Bu noktada çözümlenmesi gereken diğer konu ise, davalının, davanın açılmasına sebebiyet verip vermediği, bu bağlamda davacı yararına vekalet ücretine hükmedilmesinin gerekip gerekmediği noktasında toplanmaktadır. 6100 sayılı Hukuk Muhakemeleri Kanununun “Esastan Sonuçlanmayan Davada Yargılama Gideri” başlıklı 331.maddesinin 1.fıkrasında; davanın konusuz kalması sebebiyle davanın esası hakkında bir karar verilmesine gerek bulunmayan hâllerde, hâkimin, davanın açıldığı tarihteki tarafların haklılık durumuna göre yargılama giderlerini takdir ve hükmedeceği düzenlenmiştir. Bu durumda mahkemenin yargılamaya devam ederek dava açıldığı zaman hangi tarafın haksız olduğunu tespit etmesi ve tutumuyla dava açılmasına sebep olan tarafı yargılama gideri ile mahkum etmesi gerekmektedir. O halde; konusuz kalan dava hakkında “karar verilmesine yer olmadığına” karar verilip, davanın açıldığı tarihteki tarafların haklılık durumlarına göre yargılama gideri ve vekalet ücreti hakkında karar vermek gerekmektedir. Buna göre, davalı tarafın dava açılmasına sebebiyet vermesi nedeniyle yargılama giderlerinden sorumlu olması gerektiği kanaatine varılmıştır.

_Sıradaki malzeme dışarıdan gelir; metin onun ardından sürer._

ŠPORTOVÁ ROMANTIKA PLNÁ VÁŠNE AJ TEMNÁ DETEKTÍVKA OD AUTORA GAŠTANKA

HÜKÜM:Gerekçesi yukarıda açıklandığı üzere;
1-Davanın konusuz kalması nedeniyle KARAR VERİLMESİNE YER OLMADIĞINA,
2-Harçlar Kanunu’na göre belirlenen 59,30TL ilam harcından peşin alınan 1.707,75TL harcın mahsubu ile bakiye 1.648,45TL harcın karar kesinleştiğinde ve talep halinde davacıya iadesine,
3-Davacı tarafından yapılan 101,50TL posta giderinin davalıdan alınarak davacıya verilmesine,
4-Avukatlık Asgari Ücret Tarifesine göre hesaplanan 13.450,00TL vekalet ücretinin davalıdan alınarak kendisini vekille temsil ettiren davacıya verilmesine,
5-HMK’nın 333. maddesi gereğince hükmün kesinleşmesinden sonra artan avansın taraflara iadesine,
Dair tarafların yokluğunda gerekçeli kararın tebliğinden itibaren 2 hafta içerisinde İstanbul Bölge Adliye Mahkemesi nezdinde İstinaf yolu açık olmak üzere verilen karar açıkça okunup usulen anlatıldı.09/03/2021

Katip …
¸e-imzalıdır

Hakim …
¸e-imzalıdır

*Bu belge 5070 sayılı Elektronik İmza Kanunu kapsamında e-imza ile imzalanmıştır.